A plaintiff's entitlement to injunctive relief is a matter of discretion with the Court. See Metro. Regul. Info. Sys., Inc. v. Am. Home Realty Network, Inc., 722 F.3d 591, 595 (4th Cir. 2013). “When considering a motion for preliminary injunction, a district court may assess the relative strength and persuasiveness of the evidence presented by the parties, and is not required to resolve factual disputes in favor of the non-moving party.” Microban Int'l, Ltd. v. Kennedy, No. 3:22-CV-00620-KDB-DSC, 2023 WL 2533085, at *3 (W.D. N.C. Mar. 15, 2023) (quoting Queen Virgin Remy, Co. v. Thomason, No. 1:15-cv-1638-SCJ, 2015 WL 11422300, at *2 (N.D.Ga. June 10, 2015)). While the plaintiff is responsible for making a sufficient showing to justify the entry of a preliminary injunction, “the burdens at the preliminary injunction stage track the burdens at trial.” Gonzales v. O Centro Espirita Beneficente Uniao do Vegetal, 546 U.S. 418, 429 (2006); see also In re Microsoft Corp. Antitrust Litig., 333 F.3d 517, 526 (4th Cir. 2003).
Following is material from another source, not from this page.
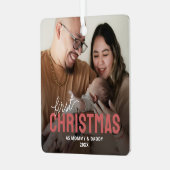 初めてのクリスマスの家族写真 メタルオーナメント (正面左)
Here, the parties have not offered any affidavits or declarations in support of or in opposition to the Motion for Preliminary Injunction. As evidence, the Plaintiff relies only on the allegations as set forth in his Verified Complaint. When presented with a motion for preliminary injunction, courts “may consider a verified complaint as the equivalent of an affidavit[.] Parson v. Alcorn, 157 F.Supp.3d 479, 489 n.13 (E.D. Va. 2016).

III. DISCUSSION

A plaintiff seeking a preliminary injunction must demonstrate that (1) he is likely to succeed on the merits, (2) he is likely to suffer irreparable harm absent injunctive relief, (3) the balance of the equities tips in his favor, and (4) the injunction would be in the public interest. Winter v. Nat. Res. Def. Council, Inc., 555 U.S. 7, 20 (2008). “A preliminary injunction is an extraordinary remedy never awarded as of right.” Id. at 24. A plaintiff seeking a preliminary injunction “need not establish a certainty of success, but must make a clear showing that he is likely to succeed at trial.” Di Biase v. SPX Corp., 872 F.3d 224, 230 (4th Cir. 2017) (internal quotation marks omitted).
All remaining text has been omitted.